Based on the pillars of the College, and particularly the pillar of Conflict Transformation, the College objective is to promotes a culture of dialogue, respect, and tolerance as part of the daily life of its community. Therefore, efforts are focused to solve conflict through the mentioned elements whenever possible. Mediation is then used to repair and rebuild in a positive way the relations among the members of the community. Every year, a group of students is trained on this topic to facilitate conflict resolution processes and navigate differences between students.

====Student Service Program====

This program supports the students in all matters related to migration processes before their arrival, during their stay, and when leaving the country. It also supports the students with local and international transportation matters.

====Emergency Program====

This program deals with the prevention and attention of emergencies and accidents – individual, group, or institutional. This includes health matters, problems in infrastructure, and external matters that may affect the College such as natural disasters.

===Support structure in the residential life===

==== Residence Coordinator ====
The Residence Coordinator is a staff member who supports students throughout the school year, to assist them with community living and their emotional needs, to improve their college experience.
Each coordinator is in charge of one residence and holds a weekly meeting with its members. These meetings are intended to analyze the internal organization, rules, cleaning duties, and rights of students living in residence, among others. Furthermore, the coordinator can make any necessary decisions for the proper functioning of the residence and the fulfillment of the institutional objectives. A relation of confidence is expected. Moreover, the Residence Coordinator is expected to strengthen the group's coexistence.

==== Tutor ====
A teaching staff member is responsible for providing support, guidance and orientation to each group of students, especially in the academic area. The tutor serves as a counselor and a guide while trying to elicit constant improvement from the students in their co-curricular activities as well as in their community life. A relation of confidence is expected where the student feels supported and guided to constantly improve.
Tutors also intervene in the disciplinary processes of the students fulfilling a role of support and prevention.

====Psychologists ====

The College has two psychologists who assess the emotional needs of the students. They counsel the students when necessary or refer them to external professionals depending on the needs. They also work on prevention in the topics they find as priorities for the community. Both psychologists live on campus and are also Residence Coordinators. Therefore, they are in close and permanent contact with the students.
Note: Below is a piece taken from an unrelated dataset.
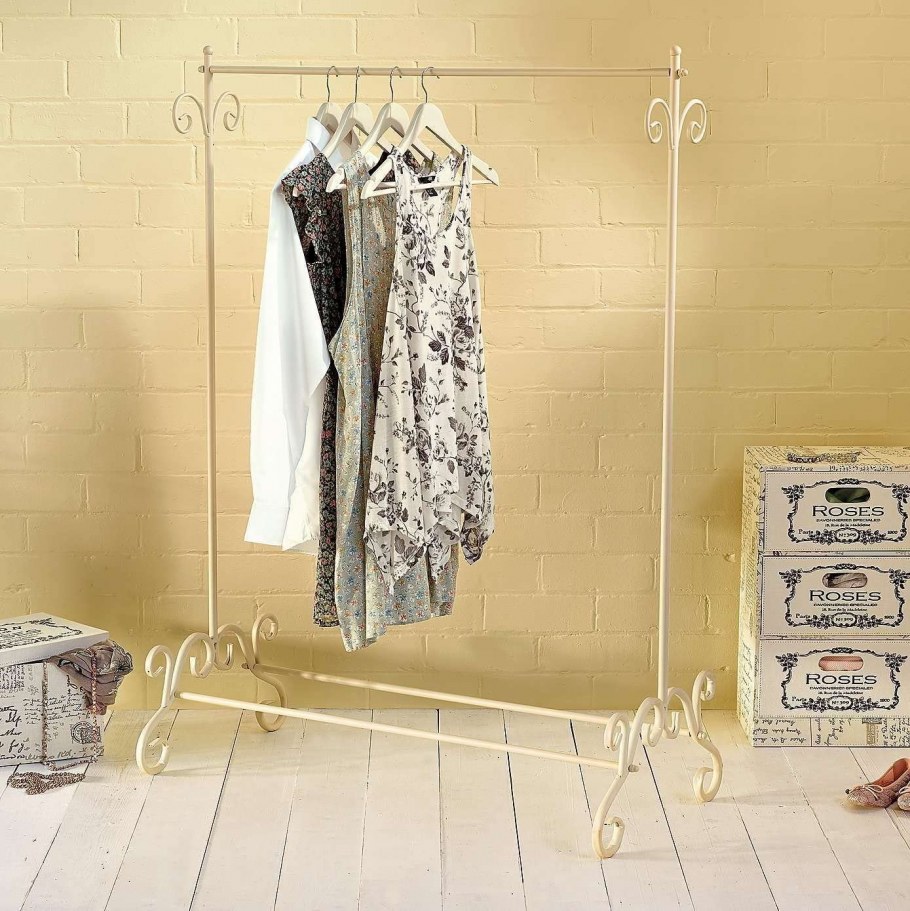 New Chic: French Style from today's leading Designers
They are part of the Integrated Health Program.

====Infirmary====

The nurse provides the necessary and proper support in physical health. Her job is focused on prevention and intervention. The nurse provides the necessary attention to the students and she refers the students to the doctor when it is deemed necessary. The nurse is part of the Integrated Health Program and also assesses the meals served in the College.

====Student Services Coordinator====

This person supports the students in migration matters and coordinates local and international transportation.

====Emergency Teams====

Members of these teams are from all the areas of the college, including both students and staff members. They act in case of emergencies. They are trained according to the needs of the program.